1. No need for token verification in poeditor_form() since you are not performing any database changing write operations there, you just return a confirm form.
2. poeditor_api_add_terms(): don't pollute your API functions with CSRF tokens - the validation should be handled outside in menu callbacks. Same for poeditor_save() and possibly others. You don't need to validate CSRF tokens in form submit handlers, because the form API has already verified the form CSRF token. You only need to protect places where you execute write operations on GET requests, i.e. where the user did not submit a form with CSRF protection to initiate the action.
3. "poeditor_count_terms($lang->language) . ' ' . t('of') . ' ' . $termsindrupal;": do not concatenate translatable strings into t(), use placeholders with t() instead. Also elsewhere.

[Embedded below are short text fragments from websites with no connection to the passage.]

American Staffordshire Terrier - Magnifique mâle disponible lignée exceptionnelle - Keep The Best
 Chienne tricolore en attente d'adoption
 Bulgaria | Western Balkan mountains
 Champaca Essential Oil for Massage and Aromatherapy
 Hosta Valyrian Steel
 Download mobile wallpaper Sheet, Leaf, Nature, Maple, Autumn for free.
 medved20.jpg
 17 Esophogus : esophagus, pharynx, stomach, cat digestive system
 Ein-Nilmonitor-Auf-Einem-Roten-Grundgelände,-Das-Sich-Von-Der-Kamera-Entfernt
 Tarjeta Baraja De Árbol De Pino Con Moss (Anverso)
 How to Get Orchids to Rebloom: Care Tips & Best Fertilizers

Although you should definitely fix those issues I agree that they are not critical blockers, so ...

Thanks for your contribution, softescu!

I updated your account so you can promote this to a full project and also create new projects as either a sandbox or a "full" project.

Here are some recommended readings to help with excellent maintainership:

• Dries' post on Responsible maintainers
• Best practices for creating and maintaining projects
• Maintaining a drupal.org project with Git
• Commit messages - providing history and credit
• Release naming conventions.
• Helping maintainers in the issue queues

You can find lots more contributors chatting on IRC in #drupal-contribute. So, come hang out and stay involved!

Thanks, also, for your patience with the review process. Anyone is welcome to participate in the review process. Please consider reviewing other projects that are pending review. I encourage you to learn more about that process and join the group of reviewers.

Thanks to the dedicated reviewer(s) as well.